**Directions for this task:**
Retype the records below exactly as they stand, but with no images.

--*--

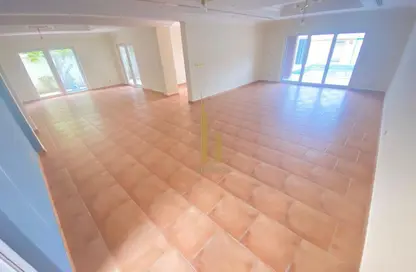 Villa - 4 Bedrooms - 4 Bathrooms for rent in Umm Suqeim 1 Villas - Umm Suqeim 1 - Umm Suqeim - Dubai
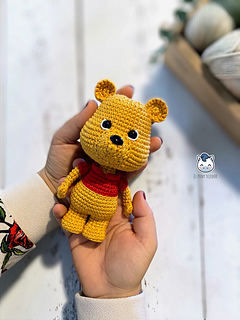 Winnie the Pooh amigurumi crochet pattern PDF, handmade plush bear with red shirt, step-by-step crochet tutorial by El Pony Tejedor.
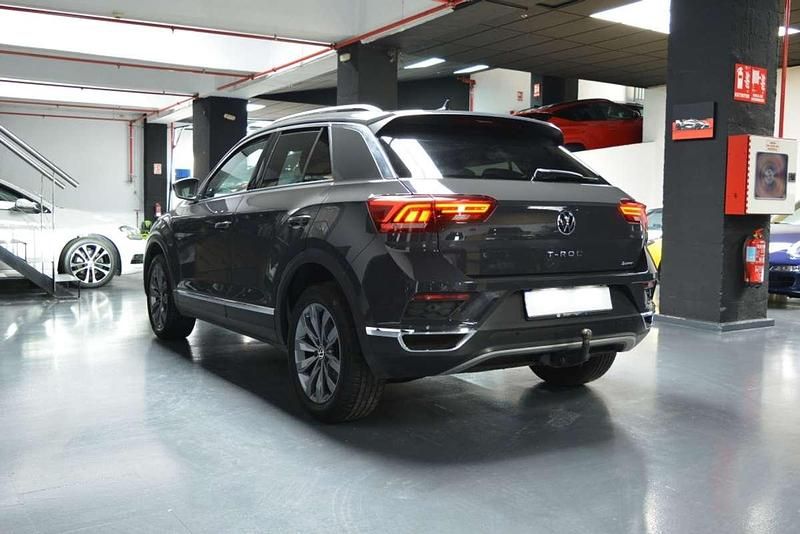 Usado VW T-Roc Sportline 190 CV (139 kW) 2021 Gris SUV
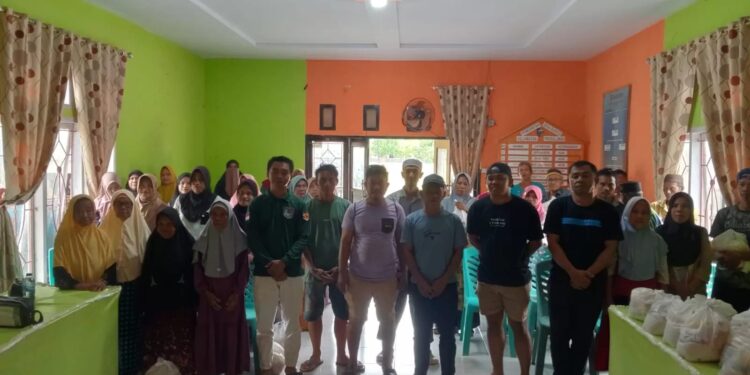 Jelang Ramadhan, Warga Penambang Busato Salurkan Paket Sembako 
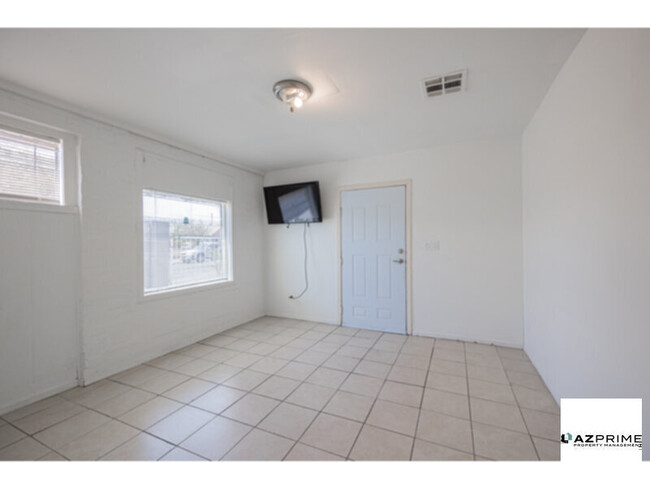 Foto del edificio - Step into comfort and simplicity with this...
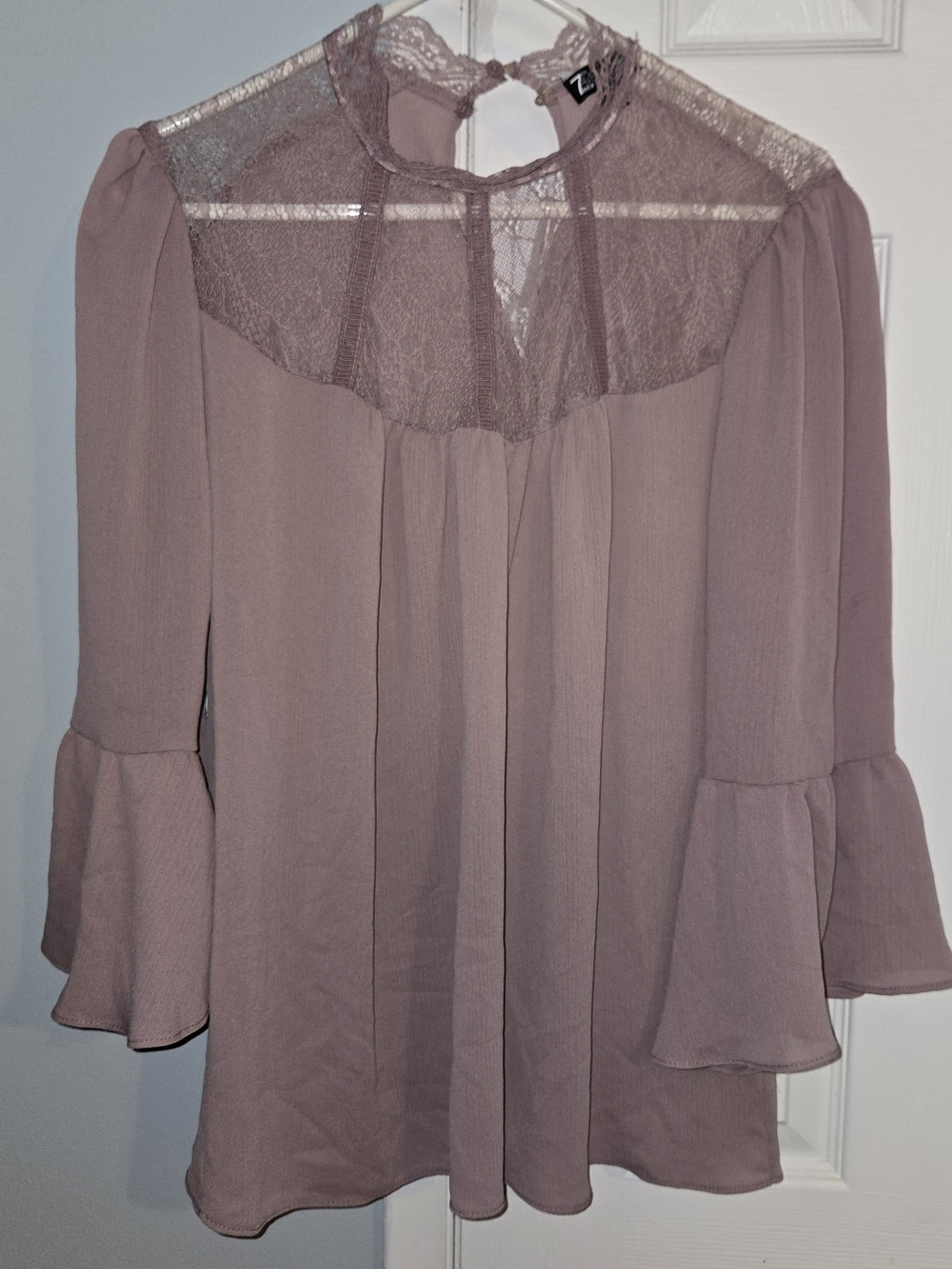 New York & Company Mauve Lace Yoke Bell Sleeve Blouse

--*--

**Your solution:**
 Villa - 4 Bedrooms - 4 Bathrooms for rent in Umm Suqeim 1 Villas - Umm Suqeim 1 - Umm Suqeim - Dubai
 Winnie the Pooh amigurumi crochet pattern PDF, handmade plush bear with red shirt, step-by-step crochet tutorial by El Pony Tejedor.
 Usado VW T-Roc Sportline 190 CV (139 kW) 2021 Gris SUV
 Jelang Ramadhan, Warga Penambang Busato Salurkan Paket Sembako 
 Foto del edificio - Step into comfort and simplicity with this...
 New York & Company Mauve Lace Yoke Bell Sleeve Blouse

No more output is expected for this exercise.